Thursday 12 November 2020

117. Wave Two; BBC Plans A Christmas Great British Menu.

   Another COVID-19 wave, another lockdown. Restaurants close and open and close again and - hopefully - reopen, but not just yet. In the happy interval between closed shutters I went to Andrew Sheridan’s public opening night for About Eight, which had to start at 7 given the government restrictions that demanded the restaurant saw its eight customers off the premises by 10PM and which was an evening of socially distanced gastronomic brilliance. Of which more, I hope, in the near future. 
















  Then a pre-lockdown evening in Stratford upon Avon, shockingly quiet, vaguely eerie and missing only Hamlet’s father’s ghost rearing his face over the closed and deserted Royal Shakespeare Theatre, but made delightful and cosy by an early evening saunter to the impeccable family-run restaurant Sorrento where I purred and whimpered with pleasure at a wonderful plate of lemon sole in an exquisite lemon butter sauce served with new potatoes plain and simple (chef had fought off the temptation to sauté them and cover them in rosemary and thyme and the rest as so many chefs would have felt obliged to do) and sensibly cooked broccoli. The sole was a far more enjoyable dish than I remember having in a once two star restaurant further southwest in the West Midlands which had served up 3 little pieces of the lovely fish in the most bitter and unpleasant beurre noisette and sprawled in a bowl of what seemed like thousands of  exhausting broad beans which gave no pleasure whatsoever.

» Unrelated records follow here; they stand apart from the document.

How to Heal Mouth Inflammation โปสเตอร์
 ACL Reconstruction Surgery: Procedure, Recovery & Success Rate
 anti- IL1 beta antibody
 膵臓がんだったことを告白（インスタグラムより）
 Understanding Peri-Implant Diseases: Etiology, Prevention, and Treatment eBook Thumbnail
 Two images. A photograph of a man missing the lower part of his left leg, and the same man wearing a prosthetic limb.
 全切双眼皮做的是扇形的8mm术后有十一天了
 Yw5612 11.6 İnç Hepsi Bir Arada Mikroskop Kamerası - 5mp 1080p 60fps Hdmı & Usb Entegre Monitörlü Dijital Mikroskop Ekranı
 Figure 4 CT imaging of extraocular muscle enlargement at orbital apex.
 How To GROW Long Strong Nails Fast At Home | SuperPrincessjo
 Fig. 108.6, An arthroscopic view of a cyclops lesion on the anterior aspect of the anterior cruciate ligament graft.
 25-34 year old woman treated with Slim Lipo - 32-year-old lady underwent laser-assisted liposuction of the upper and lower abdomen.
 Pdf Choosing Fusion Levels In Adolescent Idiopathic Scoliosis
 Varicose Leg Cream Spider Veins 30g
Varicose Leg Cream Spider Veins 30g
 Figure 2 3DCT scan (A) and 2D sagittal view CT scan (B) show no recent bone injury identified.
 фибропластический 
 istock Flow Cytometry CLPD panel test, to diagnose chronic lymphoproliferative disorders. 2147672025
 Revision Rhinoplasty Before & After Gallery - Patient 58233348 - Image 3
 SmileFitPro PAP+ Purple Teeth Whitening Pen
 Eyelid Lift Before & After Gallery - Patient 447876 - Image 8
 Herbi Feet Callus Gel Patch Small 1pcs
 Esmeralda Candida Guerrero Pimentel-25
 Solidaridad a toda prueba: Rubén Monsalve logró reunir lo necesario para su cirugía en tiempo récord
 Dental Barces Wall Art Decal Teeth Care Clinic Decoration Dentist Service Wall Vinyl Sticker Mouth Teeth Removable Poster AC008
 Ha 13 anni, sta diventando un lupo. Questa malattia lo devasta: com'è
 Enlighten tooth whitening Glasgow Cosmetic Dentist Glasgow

  On Wave 2 Lockdown-eve, 4 November, I was once more at Opheem which was the last restaurant I visited before the previous lockdown and the first I visited after the first lockdown was ended. I like the symmetry of it. This is a wondrous Palace of Pleasures where it would not have been disrespectful of me to faint with delight at just about every first taste of the little appetisers and the magnificent and several courses including the turbot from paradise and the most perfectly flavoured bhuna. Are two stars possible in January?















  And so here we are all vaguely isolated and unsociable. It’s quite relaxing really, well up to a point anyway. Meanwhile that evil entity, the BBC, has announced a Christmas Great British Menu Special, which will feature no fewer than twelve notable British chefs, one of them not so much notable as notorious, who will cook a “a six course boxed festive feast dedicated to the nation’s key workers”. Andi Oliver moves from acting as judge to becoming presenter (they seem to have dumped the dreadful Scottish comedienne seen in this summer’s series) though there must be some foreboding at the news that another comedienne will fill Ms Oliver’s judge’s seat. I have no idea what perceived expertise this newcomer has but these things must be borne. At least Waldorf and Statler are back (otherwise known as Peyton and Fort) to deliver once more their what seems like centuries worth of judging experience (Fort, I’m sure remembers when a young Frenchman called L’Escoffier was laughed out of the kitchen because of his outrageous sauces). 

  The competing chefs, no doubt having their period of lockdown loss of income compensated for by huge paycheques courtesy of the television licence payer via the ever generous BBC (including the over-75 year olds it is now bleeding money from) are Jason Atherton, Pip Lacey, Tom Barnes, Niall Keating, Tommy Banks, Alex Greene, Richard Bainbridge, Simon Rogan, Matt Gillan, James Cochran, Lisa Goodwin-Allen and Tom Aikens. I don’t see, as we might have expected, the names of any chefs representing West Midlands restaurants but plenty from London and the Home Counties and the BBC’s new happy hunting ground of the north-west within reach of the Manchester-based BBC luvvies. I’ll leave the reader to decide which of the above chefs may be described as “notorious”.